Les dossiers de candidature doivent être déposés, entre le 2 décembre 2020 au 31 décembre 2022, sous format électronique, sur la plateforme dédiée en ligne disponible sur le site internet de FranceAgriMer : https://portailweb.franceagrimer.fr/  (rubrique P3A).
Les secteurs doivent s’engager dans un processus de transformation en profondeur, pour faire face aux défis majeurs auxquels ils sont confrontés, tant sur les plans économique et social (souveraineté alimentaire, compétitivité, renforcement du positionnement européen et international) que dans les domaines environnementaux et sanitaires (transition écologique, changement climatique, maîtrise des risques, bien-être animal).
Les aides octroyées portent sur les dépenses d’ingénierie du projet, les dépenses de personnels, les prestations d’études, de conseils et les prestations informatiques, des investissements à l’aval des filières (matériel de stockage, distribution, transformation, etc.) s’intégrant dans le cadre d’un projet de structuration de filières. Les aides pourront également couvrir certains investissements matériels dans le cadre de projets collectifs de recherche et développement.
Toutefois, il ne concerne pas les projets majoritairement BIO, sur les protéines végétales ou de modernisation d’abattoirs, qui bénéficient de mesures spécifiques.

Bénéficiaires et gouvernance du projet
Le dispositif s’adresse à des opérateurs économiques portant un projet structurant et engagés dans une démarche collective, impliquant des partenaires complémentaires, dont deux au moins sont indépendants, et qui relèvent d’au moins deux maillons différents d’une ou plusieurs filières : approvisionnement des agriculteurs, production agricole, commercialisation des produits agricoles (y compris commerce de gros), transformation agro-alimentaire ou agro-industrielle, conditionnement et distribution de produits finis, le cas échéant en association avec d’autres acteurs : fabricants d’agrofournitures, équipementiers, entreprises de service et de conseil, interprofession, fédération professionnelle, instituts techniques agricoles ou agroalimentaires, etc. 

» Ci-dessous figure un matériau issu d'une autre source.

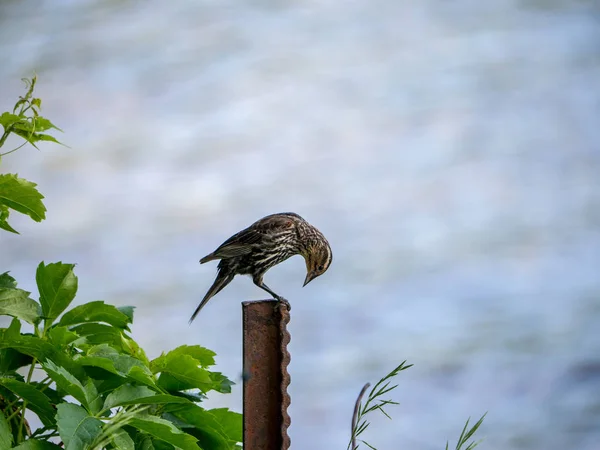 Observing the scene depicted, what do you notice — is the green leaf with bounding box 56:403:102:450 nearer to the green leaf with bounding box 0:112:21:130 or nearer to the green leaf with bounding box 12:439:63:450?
the green leaf with bounding box 12:439:63:450

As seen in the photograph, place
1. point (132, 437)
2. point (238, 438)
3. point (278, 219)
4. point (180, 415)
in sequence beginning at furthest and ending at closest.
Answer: point (278, 219) → point (238, 438) → point (180, 415) → point (132, 437)

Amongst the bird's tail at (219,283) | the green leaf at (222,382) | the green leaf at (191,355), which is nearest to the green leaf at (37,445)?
the green leaf at (191,355)

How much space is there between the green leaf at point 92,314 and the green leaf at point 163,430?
0.46 metres

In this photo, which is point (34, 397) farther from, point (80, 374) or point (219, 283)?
point (219, 283)

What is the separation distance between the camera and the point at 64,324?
2.34m

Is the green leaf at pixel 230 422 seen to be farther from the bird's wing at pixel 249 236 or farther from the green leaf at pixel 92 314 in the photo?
the bird's wing at pixel 249 236

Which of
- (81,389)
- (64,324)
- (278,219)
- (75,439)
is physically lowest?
(75,439)

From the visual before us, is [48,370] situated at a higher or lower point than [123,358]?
lower

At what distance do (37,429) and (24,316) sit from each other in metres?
0.27

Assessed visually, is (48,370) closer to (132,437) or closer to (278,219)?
(132,437)

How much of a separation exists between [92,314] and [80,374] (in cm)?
28

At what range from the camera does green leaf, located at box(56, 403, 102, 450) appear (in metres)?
1.82

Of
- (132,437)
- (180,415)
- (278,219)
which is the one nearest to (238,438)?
(180,415)

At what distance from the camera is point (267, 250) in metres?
4.49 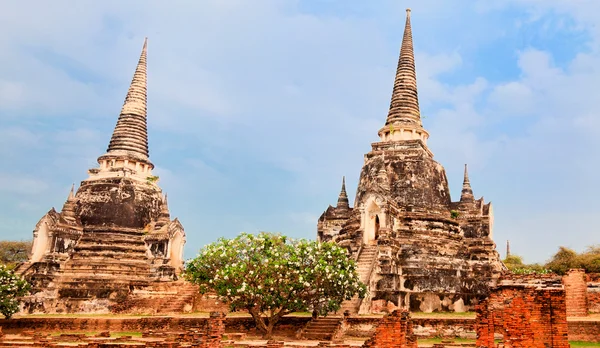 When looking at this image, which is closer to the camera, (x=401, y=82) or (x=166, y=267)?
(x=166, y=267)

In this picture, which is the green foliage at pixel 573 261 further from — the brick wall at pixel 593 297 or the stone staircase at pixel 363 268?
the stone staircase at pixel 363 268

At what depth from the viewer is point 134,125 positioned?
133ft

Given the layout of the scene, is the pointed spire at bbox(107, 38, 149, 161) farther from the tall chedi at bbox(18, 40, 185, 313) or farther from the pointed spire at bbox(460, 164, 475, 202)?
the pointed spire at bbox(460, 164, 475, 202)

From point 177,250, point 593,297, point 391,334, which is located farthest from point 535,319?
point 177,250

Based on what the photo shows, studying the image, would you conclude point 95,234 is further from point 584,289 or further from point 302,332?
point 584,289

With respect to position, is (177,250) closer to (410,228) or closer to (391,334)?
(410,228)

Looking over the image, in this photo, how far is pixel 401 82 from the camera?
1512 inches

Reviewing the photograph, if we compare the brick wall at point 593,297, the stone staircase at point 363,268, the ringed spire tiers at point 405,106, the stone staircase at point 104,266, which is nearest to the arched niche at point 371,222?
the stone staircase at point 363,268

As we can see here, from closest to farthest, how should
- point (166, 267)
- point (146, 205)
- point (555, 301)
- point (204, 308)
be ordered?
point (555, 301) < point (204, 308) < point (166, 267) < point (146, 205)

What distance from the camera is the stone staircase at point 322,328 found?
22997 millimetres

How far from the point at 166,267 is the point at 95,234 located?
5241mm

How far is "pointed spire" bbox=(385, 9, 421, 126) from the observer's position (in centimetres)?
3691

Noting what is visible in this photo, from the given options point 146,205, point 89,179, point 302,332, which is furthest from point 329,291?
point 89,179

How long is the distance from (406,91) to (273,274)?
64.4 ft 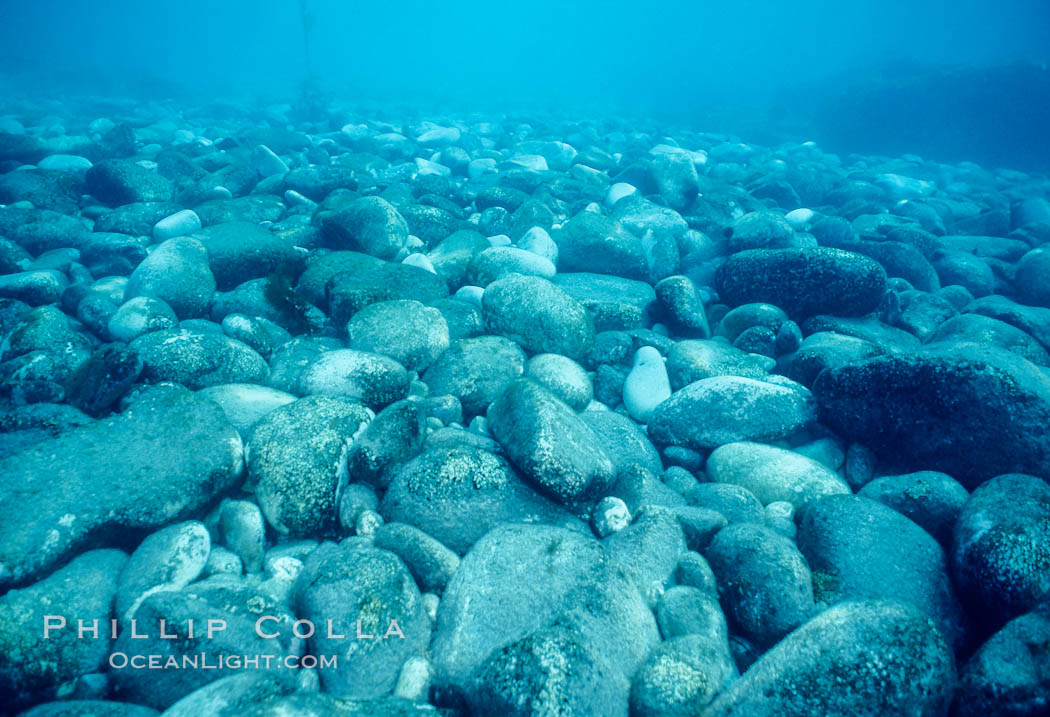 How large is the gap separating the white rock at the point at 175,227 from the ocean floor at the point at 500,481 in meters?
0.03

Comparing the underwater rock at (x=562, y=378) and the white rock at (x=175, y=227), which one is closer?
the underwater rock at (x=562, y=378)

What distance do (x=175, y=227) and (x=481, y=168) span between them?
7.41 m

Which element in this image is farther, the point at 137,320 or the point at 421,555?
the point at 137,320

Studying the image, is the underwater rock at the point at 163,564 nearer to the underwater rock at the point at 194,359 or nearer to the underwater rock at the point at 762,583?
the underwater rock at the point at 194,359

Modalités d’attribution de l’aide et dépenses éligibles
La dotation financière totale du dispositif « Plan de structuration de filières » est plafonnée à 50 millions d’euros. L’accompagnement prend la forme d’une subvention. Les dépenses présentées par projet doivent être supérieures à 100 000 euros (50 000 euros pour l’outre-mer) et doivent concerner directement la mise en œuvre du projet.
L’aide publique aux dépenses immatérielles est plafonnée, dans la limite de 200 000 euros par projet, à hauteur de 50% du coût total éligible de ces dépenses (75% du coût total éligible pour l’outre-mer). L’aide publique aux dépenses matérielles est plafonnée, dans la limite de 2.000.000 euros par projet, à hauteur de 40% maximum du coût total éligible de ces dépenses (75% du coût total éligible pour l’outre-mer).
Le cumul d’aides publiques est possible dans la limite des taux maximum d’aides publiques autorisées au titre de la réglementation en matière d’aides d’État.

Les dépenses éligibles sont :
▸ Des dépenses immatérielles :
• le salaire brut et les charges patronales du personnel 
• les prestations extérieures juridiques, financières, informatiques, d’études et de conseils directement en lien avec le projet. 

▸ Des dépenses matérielles :
• le coût des investissements à l’aval des filières (hors production agricole), relatifs par exemple à la collecte, au tri, au commerce de gros, au stockage, à la préparation et à la transformation des produits agricoles,
• pour les projets de recherche et développement, le coût des investissements destinés à la réalisation de prototypes ou démonstrateurs.